These characteristics breathe throughout his poetry.  The struggle for human weal; the resolution firm to martyrdom; the impetuous pursuit, the glad triumph in good; the determination not to despair; —­such were the features that marked those of his works which he regarded with most complacency, as sustained by a lofty subject and useful aim.

In addition to these, his poems may be divided into two classes,—­the purely imaginative, and those which sprang from the emotions of his heart.  Among the former may be classed the “Witch of Atlas”, “Adonais”, and his latest composition, left imperfect, the “Triumph of Life”.  In the first of these particularly he gave the reins to his fancy, and luxuriated in every idea as it rose; in all there is that sense of mystery which formed an essential portion of his perception of life—­a clinging to the subtler inner spirit, rather than to the outward form—­a curious and metaphysical anatomy of human passion and perception.

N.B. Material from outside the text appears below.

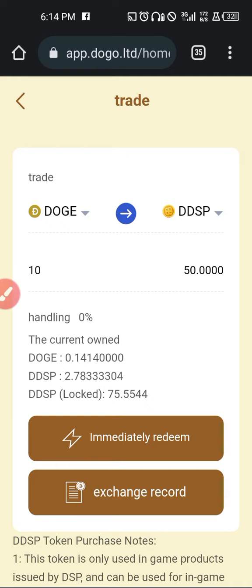DDSP is a token newly launched for the DSP website, or for the DSP mining site. We'll have time to talk about it maybe in a later video. Thank you for staying tuned and thank you for watching. Bye for now.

The second class is, of course, the more popular, as appealing at once to emotions common to us all; some of these rest on the passion of love; others on grief and despondency; others on the sentiments inspired by natural objects.  Shelley’s conception of love was exalted, absorbing, allied to all that is purest and noblest in our nature, and warmed by earnest passion; such it appears when he gave it a voice in verse.  Yet he was usually averse to expressing these feelings, except when highly idealized; and many of his more beautiful effusions he had cast aside unfinished, and they were never seen by me till after I had lost him.  Others, as for instance “Rosalind and Helen” and “Lines written among the Euganean Hills”, I found among his papers by chance; and with some difficulty urged him to complete them.  There are others, such as the “Ode to the Skylark and The Cloud”, which, in the opinion of many critics, bear a purer poetical stamp than any other of his productions.  They were written as his mind prompted:  listening to the carolling of the bird, aloft in the azure sky of Italy; or marking the cloud as it sped across the heavens, while he floated in his boat on the Thames.